--- Data provided ---
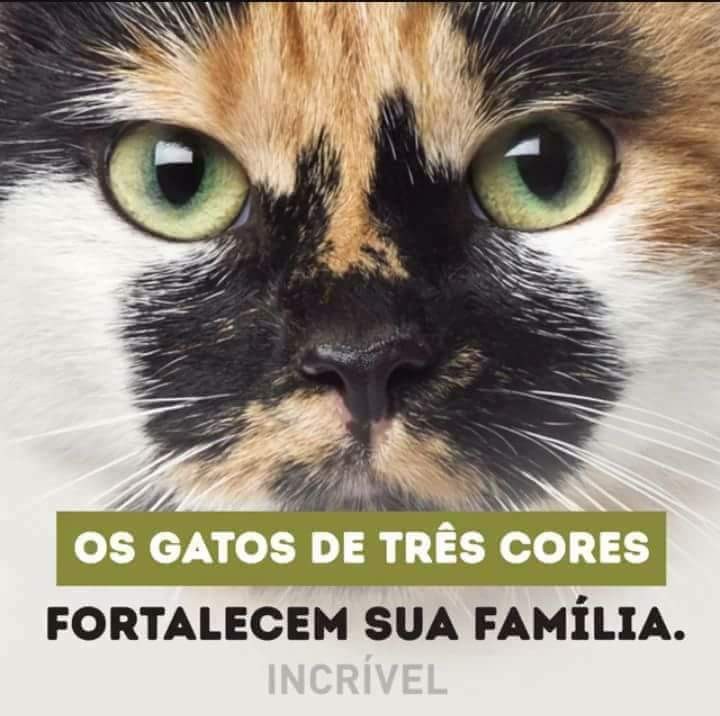 FB_IMG_1494613108614.jpg FB_IMG_1494613108614.jpg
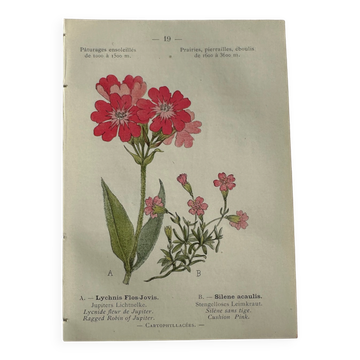 Naturalist Plate – 19th Century Botanical Engraving, Double-Sided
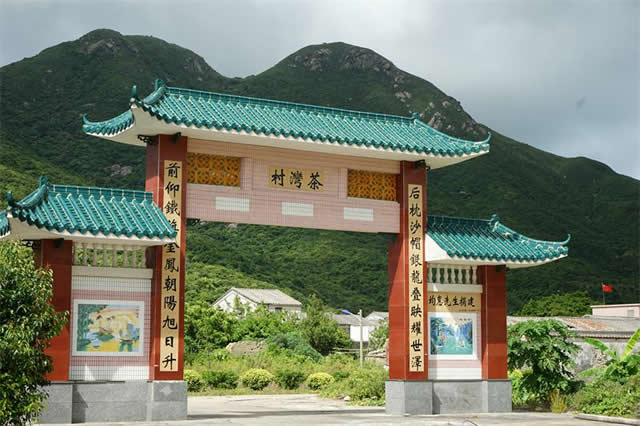 茶湾村▪竹柏林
---
• _Work request_: The required answer is an exact copy of the lines from the one containing "Naturalist Plate –" through the last line of the material, with the pictures removed.

• _Exercise response_:
 Naturalist Plate – 19th Century Botanical Engraving, Double-Sided
 茶湾村▪竹柏林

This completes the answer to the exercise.